香港から来日した16歳の少年が、福岡の民泊のマンションで受け取った、シンガポール発の貨物の中に、覚せい剤が入っていたというものです。
少年は日本語を話せません。
実は関空の税関が、貨物の中に覚せい剤を発見し、警察が、コントロールドデリバリーの手法(麻薬捜査の手法の一つ。麻薬の密輸を察知した場合、捜査当局はわざと押収せず、運び人を泳がせて背後の組織を一網打尽にするもの。)で、少年が受け取ったところを逮捕しました。
罪名は麻薬特例法の規制薬物受取り罪です。
   
○少年は、日本に観光に来たのであり、貨物の中身は知らないと言い、否認しました。勾留延長までされましたが、処分保留となりました。
ところが警察は、同じ事案に、覚せい剤の営利目的密輸入罪を適用し、再逮捕しました。
   
○私は、少年は覚せい剤が入っていたことを知らなかったと主張して、最初の事件の勾留に対し、準抗告を申立て、勾留取消しを請求したり、再逮捕・再勾留に対しても、準抗告を申立てたりして、熱心に弁護活動をしました。
検事からの再勾留の10日間の延長請求に対し、私が却下を求める意見書を出した結果、裁判所で、延長は認められましたが、期間は4日間に短縮されました。その結果検事は、早期に捜査を打切らざるを得なくなりました。
   
○少年は、否認、黙秘で、調書の署名も拒否しました。勾留延長期間満了日に嫌疑不十分で不起訴処分となり,家裁送致にもならず、釈放されました。
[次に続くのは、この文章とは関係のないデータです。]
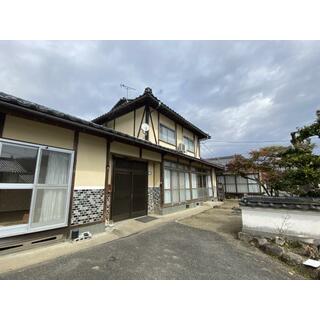 Fukuchiyama City, Jiboku (Boku Station) 2-story building 8SLDK 3.9 million yen.
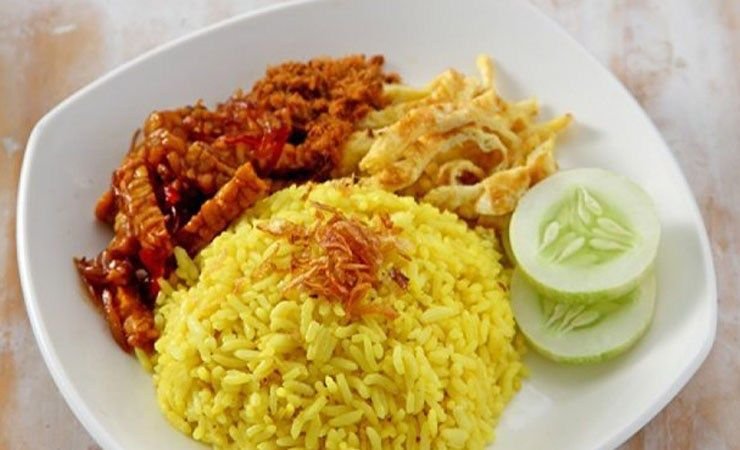 nasi kuning 082914.jpg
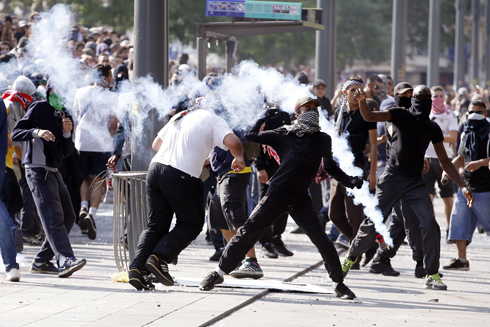 Pro-Palestinian protests in France often turned violent during Operation Protective Edge. (Photo: AFP) (Photo: AFP)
これらの事件では、覚せい剤が入っていたことを知っていたことが証明されないと罪にならないのです。
   
○この間香港では、家族が、少年は行方不明になったと心配し、警察に捜索願を出しました。
ところが、日本で逮捕されていることが分かったのです。家族は、来日して、私の事務所に訪ねて来られました。
少年は、釈放され、家族と共に香港に帰っていきました。
私は、少年に、通訳を通じて、二度とこのようなことにかかわるなと諭しました。少年は、神妙な顔でうなずいていました。
   
○最近、オレオレ詐欺の受け子に、事情の知らない少年を使う事件が多発しています。
今回の受け子の国際版とも言っていいような事件も珍しくありません。